◆ Task instructions: A copy of the listing below is needed, exact in every line and without images.

◆ Input data:
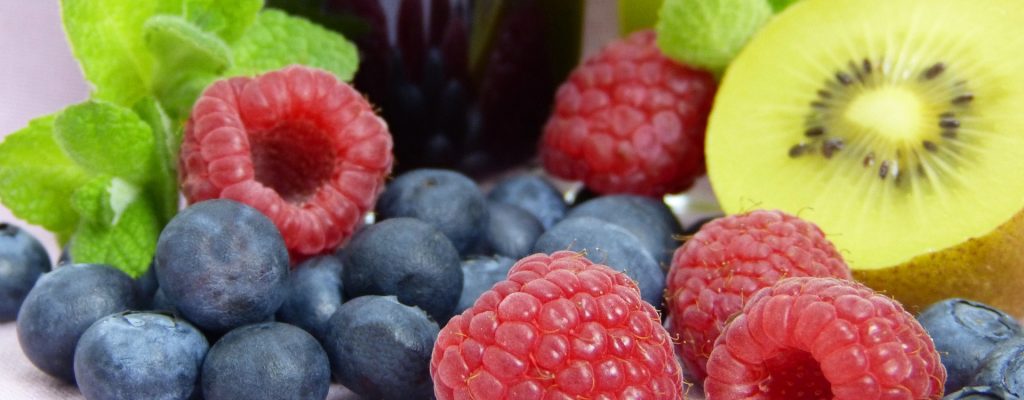 Fresh fruit and juices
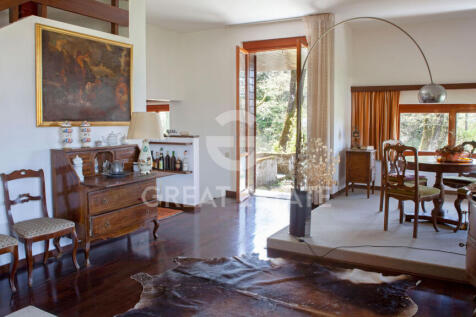 Interno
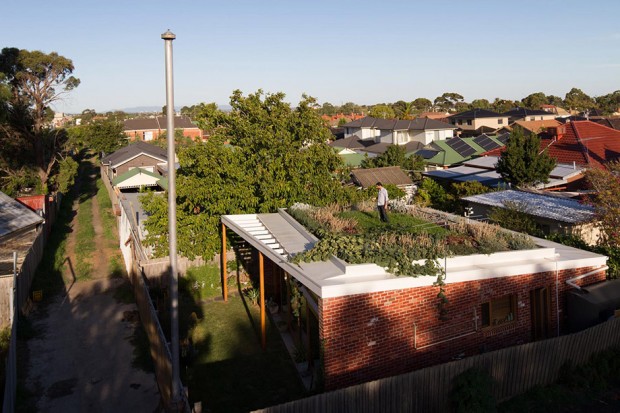 Simple-Brick-House-With-Impressive-Green-Roof-08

◆ Result of this exercise:
 Fresh fruit and juices
 Interno
 Simple-Brick-House-With-Impressive-Green-Roof-08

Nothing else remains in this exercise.